### PROBLEM DETAILS
Once you find the line with "Nach einer sauberen" in the data below, transcribe exactly each line from there to the line with "Resection of a", inclusive, and nothing else. Drop the pictures.

### MATERIAL SUPPLIED
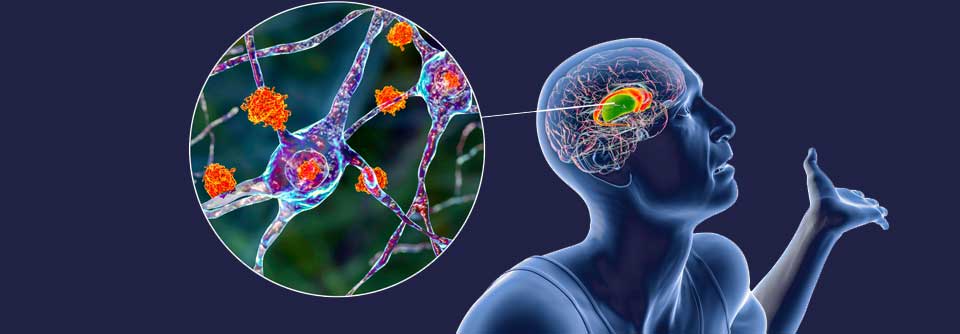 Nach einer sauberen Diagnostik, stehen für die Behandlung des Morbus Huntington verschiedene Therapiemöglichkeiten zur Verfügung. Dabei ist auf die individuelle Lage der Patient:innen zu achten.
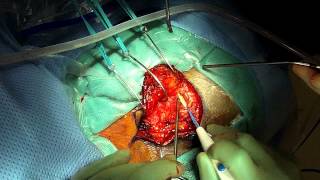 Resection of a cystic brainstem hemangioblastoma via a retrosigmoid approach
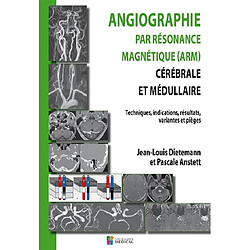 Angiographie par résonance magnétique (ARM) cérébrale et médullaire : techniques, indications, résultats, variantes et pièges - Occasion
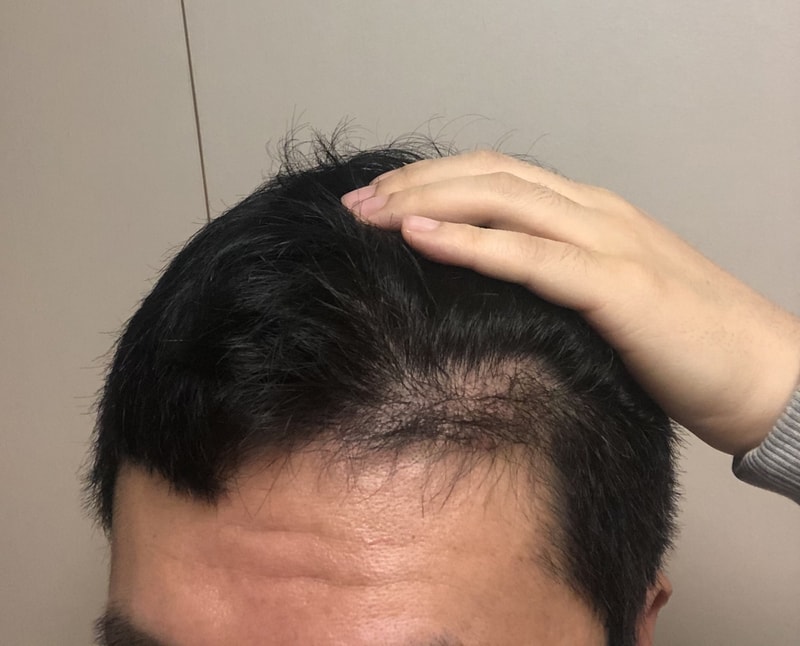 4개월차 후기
--
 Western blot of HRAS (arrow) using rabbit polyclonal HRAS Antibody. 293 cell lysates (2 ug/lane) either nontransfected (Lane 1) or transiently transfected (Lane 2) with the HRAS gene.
* * *
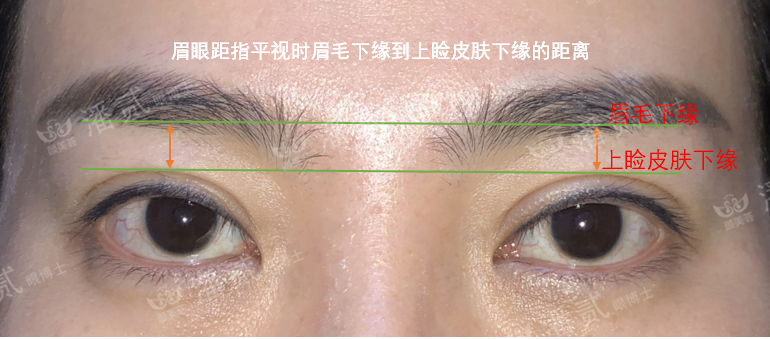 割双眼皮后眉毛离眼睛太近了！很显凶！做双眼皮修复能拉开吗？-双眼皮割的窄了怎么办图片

### WORKED SOLUTION
 Nach einer sauberen Diagnostik, stehen für die Behandlung des Morbus Huntington verschiedene Therapiemöglichkeiten zur Verfügung. Dabei ist auf die individuelle Lage der Patient:innen zu achten.
 Resection of a cystic brainstem hemangioblastoma via a retrosigmoid approach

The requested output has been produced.